あるじのいない席 1
”DSSV- Dimension Scanner of Superstring Vibration”
Designed by H&A Laboratory Co.Ltd. 2060
あるじのいない席
日直の当番が窓を開けると、すでに暑さをはらんだ朝の風が、主人の現れたことのない机の上でカーテンを揺らした。いつの間にか窓際の一番後ろに移ってしまった蒔田綾音の席は、もうすぐ夏休みになるこの時期になっても、今日も空席のままだった。
担任の中山先生は、それでも毎日「蒔田綾音さん」と出席をとる。
新学期が始まって間もない頃、誰かがふざけて声色を使って返事をしたことがあった。数人が小さく笑い、それを聞いた中山先生は寂しそうな顔をし、誰かが「やめなよ」とたしなめた。
高島海人はその時、やりとりを聞いていた高田博が怒った顔をしているのに気がついて、驚いた。
海人は博と五年生に進級するときに初めて同じクラスになった。最初の席順が前後していたために海人から声をかけ、話をするうちに読書量と知識量に圧倒された海人が尊敬を込めて「ハカセ」とニックネームをつけたのだった。
クラスの誰よりも大人びた男子、それが海人にとっての博だった。
休み時間にはいつも一人で本を読んでいて、落ち着いていて、声をかけないと自分から話すこともなく、人のことにはあまり関わらない、その博がはっきりと感情を表したのを見て海人は、どうしたのだろうと気になった。
しかし、休み時間にはいつも海人は中庭に遊びに行くし、博はいつも自分の机で本を読んでいた。博が怒った表情をしたこともその理由を聞こうとしたことも、三ヶ月が経つうちに海人の記憶からすっかり消え去っていた。
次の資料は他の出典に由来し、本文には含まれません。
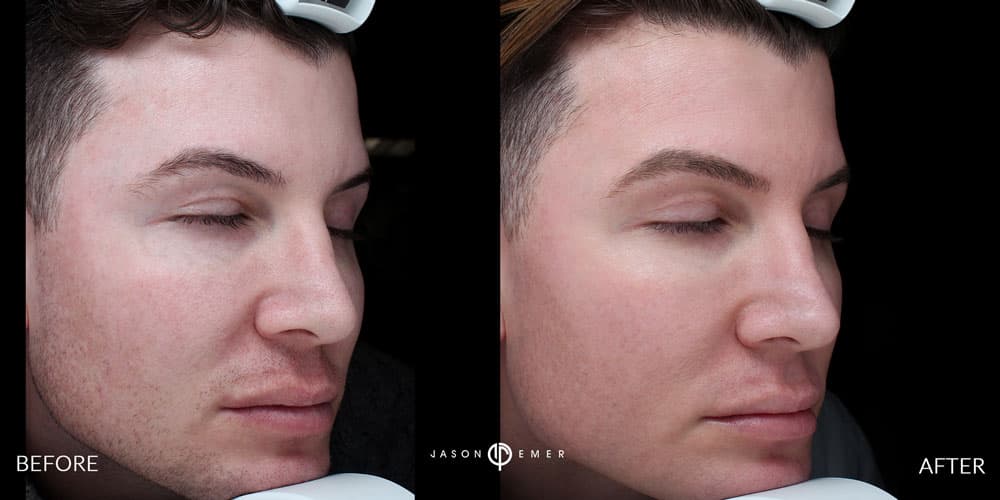 Male-Acne-Scar-Treatment-Before-and-After-Los-Angeles-1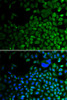 Cell Biology Antibodies 8 Anti-HDAC2 Antibody CAB2084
夏休みまであと一週間を切った今日も、博は自分の机で分厚い本を夢中で読んでいた。放課後の掃除当番を忘れてしまっている博に、海人が「当番だよ」と声をかけた。
博は顔を上げると、「あ、ありがとう」と言いながら「超ひも理論の現在」を閉じてランドセルにしまった。
机を移動させるために、博が蒔田綾音の椅子を机の上にひっくり返して載せた。
それを見て、海人が博に声をかけた。
「蒔田さんて、五年生になってから一回も学校来てないんだよね」
博は少し驚いた顔をしてから、ああ、そうか知らないんだね、とつぶやいた。
「四年生からなんだ」
「四年生から?」
博の言葉は、蒔田綾音が一年以上学校に来ていないことを意味していた。
「え、どうして?」
無邪気に問いかける海人に、博が「ネグレクトなんだって」と付け加えた。